I am trying to sniff the connection between my Garmin fitness watch and the Garmin app on my Android phone. I can see the advertisements, and when I initiate pairing I can see the pairing happening. But once the encrypted connection is established, Wireshark only shows a series of “Encrypted packet decrypted incorrectly (bad MIC)”. I know traffic is occurring because I can see my heart rate on the phone. I have read a number of similar cases on DevZone and I have not seen a solution.
Here is my process:
- From the phone, ensure that the watch is not paired.

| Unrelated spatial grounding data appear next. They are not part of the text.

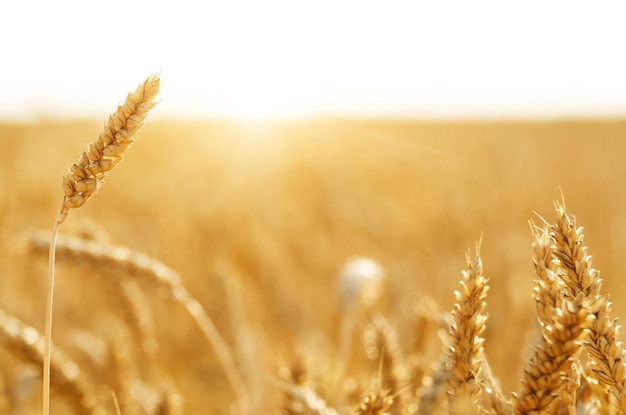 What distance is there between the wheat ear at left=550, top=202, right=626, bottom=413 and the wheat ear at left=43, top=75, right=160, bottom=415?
1.81 ft

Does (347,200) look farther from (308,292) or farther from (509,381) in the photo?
(509,381)

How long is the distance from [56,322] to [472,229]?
257 cm

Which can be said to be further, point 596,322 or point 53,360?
point 53,360

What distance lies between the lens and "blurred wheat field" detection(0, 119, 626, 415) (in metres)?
2.06

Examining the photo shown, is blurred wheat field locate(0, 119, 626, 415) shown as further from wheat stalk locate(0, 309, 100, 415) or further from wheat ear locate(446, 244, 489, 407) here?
wheat ear locate(446, 244, 489, 407)

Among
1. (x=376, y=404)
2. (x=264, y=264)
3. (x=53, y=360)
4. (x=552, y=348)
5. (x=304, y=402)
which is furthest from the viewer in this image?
(x=264, y=264)

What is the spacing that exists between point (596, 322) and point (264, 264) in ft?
9.03

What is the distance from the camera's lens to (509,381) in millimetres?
2146

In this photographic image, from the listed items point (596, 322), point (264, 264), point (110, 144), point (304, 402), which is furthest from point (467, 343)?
point (264, 264)

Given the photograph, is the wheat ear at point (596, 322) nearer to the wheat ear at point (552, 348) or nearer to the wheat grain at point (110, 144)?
the wheat ear at point (552, 348)

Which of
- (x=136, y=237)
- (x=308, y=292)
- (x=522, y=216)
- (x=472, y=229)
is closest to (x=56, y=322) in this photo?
(x=136, y=237)

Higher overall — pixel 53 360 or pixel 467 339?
pixel 53 360

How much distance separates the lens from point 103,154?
2.69ft

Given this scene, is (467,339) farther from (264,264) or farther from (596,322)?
(264,264) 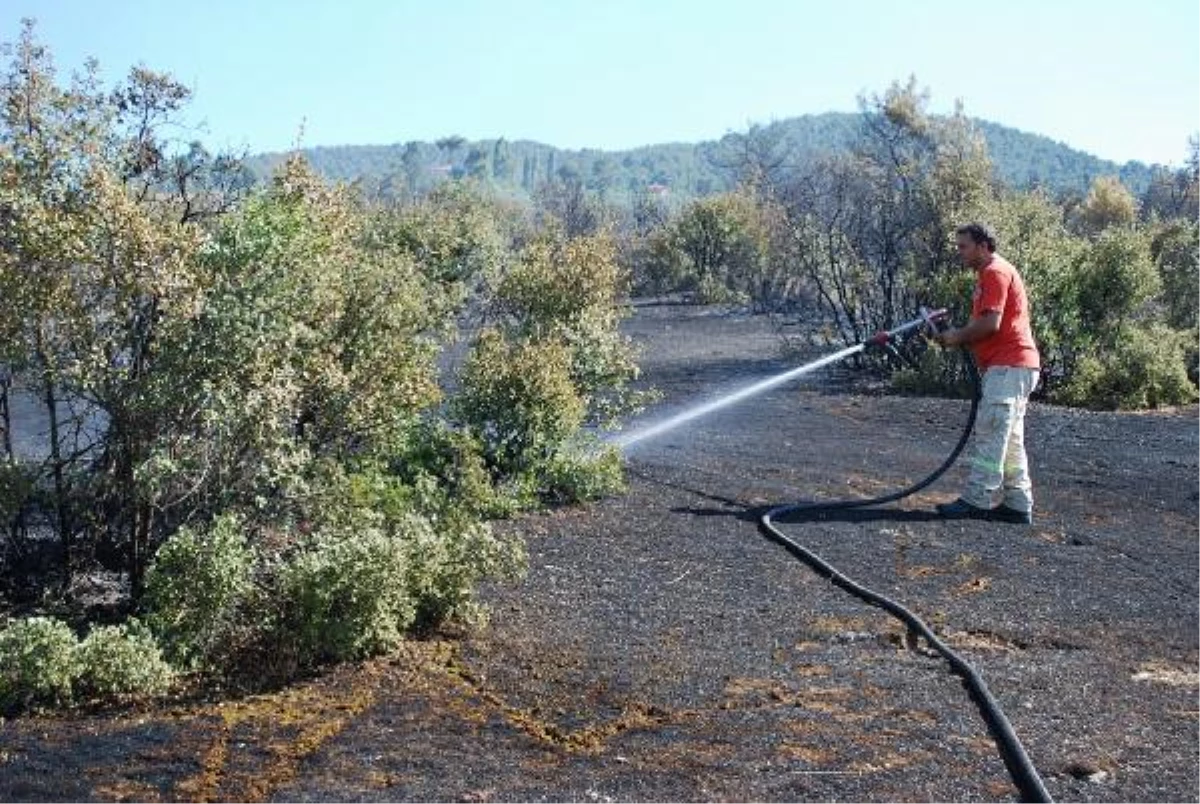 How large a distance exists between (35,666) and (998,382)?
236 inches

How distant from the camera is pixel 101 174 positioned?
468cm

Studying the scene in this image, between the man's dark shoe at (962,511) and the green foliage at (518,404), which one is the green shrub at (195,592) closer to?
the green foliage at (518,404)

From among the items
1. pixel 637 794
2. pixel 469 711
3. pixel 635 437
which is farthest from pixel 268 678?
pixel 635 437

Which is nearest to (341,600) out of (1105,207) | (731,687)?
(731,687)

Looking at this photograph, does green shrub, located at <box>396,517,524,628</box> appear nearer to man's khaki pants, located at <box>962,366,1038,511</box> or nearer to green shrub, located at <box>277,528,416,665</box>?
green shrub, located at <box>277,528,416,665</box>

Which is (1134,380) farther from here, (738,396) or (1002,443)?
(1002,443)

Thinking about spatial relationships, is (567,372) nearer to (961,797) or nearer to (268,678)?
(268,678)

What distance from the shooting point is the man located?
7.65 meters

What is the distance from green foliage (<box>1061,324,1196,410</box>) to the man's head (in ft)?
22.8

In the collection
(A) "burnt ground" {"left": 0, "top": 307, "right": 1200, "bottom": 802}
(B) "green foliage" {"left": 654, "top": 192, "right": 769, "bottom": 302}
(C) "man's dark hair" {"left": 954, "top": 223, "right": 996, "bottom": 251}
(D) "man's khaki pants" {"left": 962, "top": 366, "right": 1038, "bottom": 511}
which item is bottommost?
(A) "burnt ground" {"left": 0, "top": 307, "right": 1200, "bottom": 802}

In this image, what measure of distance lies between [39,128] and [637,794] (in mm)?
3797

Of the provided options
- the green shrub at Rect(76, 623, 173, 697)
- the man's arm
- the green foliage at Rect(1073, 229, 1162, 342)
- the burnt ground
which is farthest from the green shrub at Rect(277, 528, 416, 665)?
the green foliage at Rect(1073, 229, 1162, 342)

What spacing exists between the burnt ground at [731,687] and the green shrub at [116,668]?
118mm

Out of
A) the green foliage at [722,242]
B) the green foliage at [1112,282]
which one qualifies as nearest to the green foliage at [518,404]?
the green foliage at [1112,282] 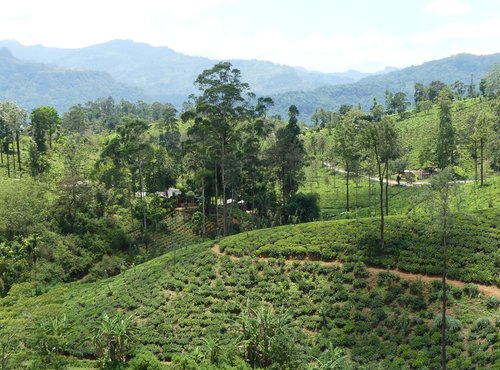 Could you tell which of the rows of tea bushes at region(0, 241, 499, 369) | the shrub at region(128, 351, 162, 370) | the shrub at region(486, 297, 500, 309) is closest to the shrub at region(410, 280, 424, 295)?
the rows of tea bushes at region(0, 241, 499, 369)

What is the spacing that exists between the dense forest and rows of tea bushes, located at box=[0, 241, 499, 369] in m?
0.12

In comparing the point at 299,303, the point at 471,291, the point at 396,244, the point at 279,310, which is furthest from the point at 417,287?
the point at 279,310

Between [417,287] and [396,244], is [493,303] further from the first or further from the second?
[396,244]

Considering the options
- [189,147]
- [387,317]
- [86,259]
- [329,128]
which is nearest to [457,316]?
[387,317]

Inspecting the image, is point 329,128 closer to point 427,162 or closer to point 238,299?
point 427,162

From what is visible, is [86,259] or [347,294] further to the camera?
[86,259]

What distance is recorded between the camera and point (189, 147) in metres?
53.8

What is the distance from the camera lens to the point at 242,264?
39906 millimetres

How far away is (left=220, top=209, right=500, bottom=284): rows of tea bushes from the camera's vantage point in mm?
33906

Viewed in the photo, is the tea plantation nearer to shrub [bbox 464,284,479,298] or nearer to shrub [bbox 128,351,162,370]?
shrub [bbox 464,284,479,298]

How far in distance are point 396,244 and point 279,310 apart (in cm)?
1161

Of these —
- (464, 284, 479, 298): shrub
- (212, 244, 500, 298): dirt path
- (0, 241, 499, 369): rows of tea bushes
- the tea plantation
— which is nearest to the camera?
the tea plantation

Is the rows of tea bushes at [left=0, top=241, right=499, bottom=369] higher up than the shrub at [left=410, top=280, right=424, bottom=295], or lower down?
lower down

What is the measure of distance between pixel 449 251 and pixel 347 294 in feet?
29.7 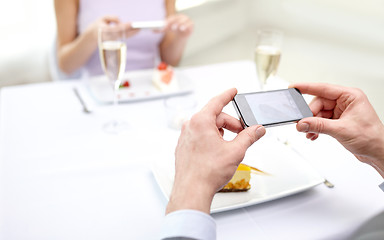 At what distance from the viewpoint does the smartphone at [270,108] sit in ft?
2.23

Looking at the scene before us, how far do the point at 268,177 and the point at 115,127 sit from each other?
447mm

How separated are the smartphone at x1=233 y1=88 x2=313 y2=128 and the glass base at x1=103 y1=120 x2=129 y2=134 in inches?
15.0

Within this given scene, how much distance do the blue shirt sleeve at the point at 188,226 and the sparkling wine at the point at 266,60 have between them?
640 mm

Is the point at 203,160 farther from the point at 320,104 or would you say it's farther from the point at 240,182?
the point at 320,104

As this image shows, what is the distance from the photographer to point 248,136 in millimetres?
616

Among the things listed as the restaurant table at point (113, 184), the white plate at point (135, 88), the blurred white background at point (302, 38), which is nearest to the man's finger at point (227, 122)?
the restaurant table at point (113, 184)

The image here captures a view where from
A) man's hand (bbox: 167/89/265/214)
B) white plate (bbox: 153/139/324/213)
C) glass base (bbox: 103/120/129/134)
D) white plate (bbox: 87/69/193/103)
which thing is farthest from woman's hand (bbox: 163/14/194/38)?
man's hand (bbox: 167/89/265/214)

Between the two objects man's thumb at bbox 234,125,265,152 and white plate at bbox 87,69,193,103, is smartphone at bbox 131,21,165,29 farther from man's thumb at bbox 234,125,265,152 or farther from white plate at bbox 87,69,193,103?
man's thumb at bbox 234,125,265,152

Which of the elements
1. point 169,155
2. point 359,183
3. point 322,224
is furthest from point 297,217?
point 169,155

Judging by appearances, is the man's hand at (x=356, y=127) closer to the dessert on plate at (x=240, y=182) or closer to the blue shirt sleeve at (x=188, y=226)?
the dessert on plate at (x=240, y=182)

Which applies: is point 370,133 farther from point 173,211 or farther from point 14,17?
point 14,17

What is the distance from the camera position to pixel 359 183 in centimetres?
77

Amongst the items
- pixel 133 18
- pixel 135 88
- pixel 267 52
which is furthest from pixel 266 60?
pixel 133 18

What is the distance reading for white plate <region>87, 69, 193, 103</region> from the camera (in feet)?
3.73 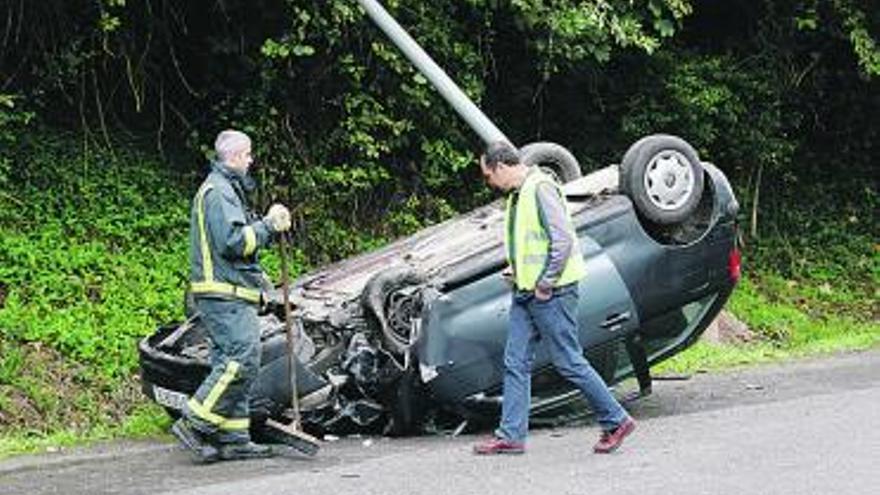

- Plug the nRF52840 dongle into a USB extension cable, and plug the cable into a USB port on the computer. The cable is to allow me to place the dongle between the watch and the phone, but it makes no difference if I plug the dongle directly into the computer.
- Launch Wireshark. I start to see advertising traffic.
- Select my watch in the Device dropdown.
- Initiate pairing from the watch. Then from the phone app, I have to click “add device”.
- The watch displays a 6 digit code. I enter that code in Wireshark as a “Legacy Passkey” and press enter, then enter the same code in the phone app.
- At this point I can see much traffic in Wireshark, including “Sent Pairing Request”, “Received Pairing Response”, several sets of “Sent Pairing Confirm” and “Rcvd Pairing Confirm”, “Sent Pairing DHKey Check” and “Rcvd Pairing DHKey Check”, LL_ENC_REQ, LL_ENC_RSP, and LL_START_ENC_REQ. But as soon as the LL_START_ENC_REQ is sent, everything after that is “Encrypted packet decrypted incorrectly (bad MIC)” and eventually there are no more packets.
A Wireshark capture is attached. The problem occurs at packet 6066.
Here is my setup.
Windows 11
nRF52840 Dongle with nRF Sniffer for Bluetooth LE version 4.1.1
Wireshark 4.0.2
What can I do to be able to see to traffic once pairing is complete?